The World Health Organisation (WHO) has demarcated overweight and its extreme state (obesity), using Body Mass Index (BMI). An individual’s BMI is his/her body weight in kilograms divided by the square of his/her height in metres. If, for example, a person weighs 80 kilograms and is 2 metres tall, his/her BMI would be 80 (the weight) divided by 4, the square of the height. That BMI of 20 would be within the acceptable range of 18-24. The WHO reckons that anyone with a BMI of 25 or more is overweight. At 30 or more, obesity, the very dangerous level of overweight, has set in. Indeed, the CFNI reports that there is evidence that the risk of chronic disease increases progressively from a BMI of 21.

What causes obesity?

The basic cause of obesity or overweight is simply over-consumption of energy in food and drink – that is, consistent eating of foods and drinking of fluids with high energy content and lower expenditure of energy in terms of inadequate physical activity. Fatty and sugary foods, soft drinks and high-energy foods and drinks are implicated. So also are sedentary habits such as excessive viewing of television and playing of video games and being transported in private automobiles instead of walking or cycling for even a part of the journey.

The answer to overweight/obesity is self-evident: consume less, especially of high-energy, fatty and sugary foods and drinks and engage in more physical activity, like walking, swimming, cycling, dancing, outdoor games, gardening or other forms of physical work or recreation.

Health-conscious persons should eat less foods from animals (meat, milk, milk products, and eggs) and the high-energy fatty and sugary snacks and drinks that are heavily advertised on the mass media. They should choose in preference foods from plants, especially whole grains, peas, beans and nuts, ground provisions and other cholesterol-busting high-fibre foods; and fruits and vegetables, which are rich in protective vitamins, minerals and other micronutrients. They should know their height, monitor their weight, and do regular routine checks with health professionals to maintain their biochemical integrity.

Public policy

As for the Governments of the Region, they proclaimed at the end of a CARICOM summit in the Bahamas in 2001 that “the Health of the Region is the Wealth of the Region” and committed their countries to treating health as a vital input into development as well as an output of development. They are mindful of the burden of chronic diseases in terms of human suffering, expensive treatment and loss of production and are ready to put in place measures to modulate the environment and thus facilitate individual and community efforts to bring about a dramatic reduction in the incidence of chronic non-communicable lifestyle diseases.

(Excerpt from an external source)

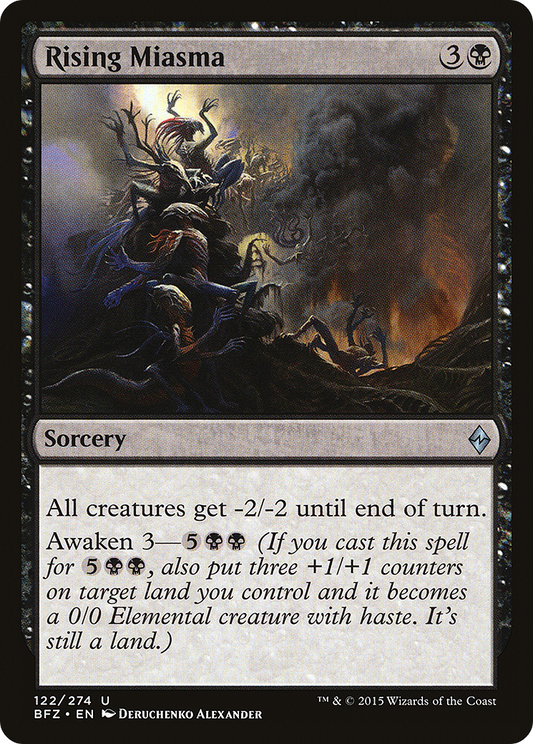 Rising Miasma [Battle for Zendikar] Foil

Measures advocated by the Caribbean Commission on Health and Development (CCHD), established by the Heads of Government themselves, include closer regulation of food imports and licensing laws to ensure that consumers know the contents of the foods they eat and that food security is pursued in the context of incentives for local production of the fruits, vegetables and whole grains required for a healthy diet.

An issue of particular concern is the alarming growth in the incidence of obesity among young children and adolescents, which the CCHD addressed with a recommendation that weight reduction should begin in schools, focusing on nutrition and “the absolute necessity’ to include physical education as a critical aspect of the curriculum, and to recognise it as important as the academic subjects.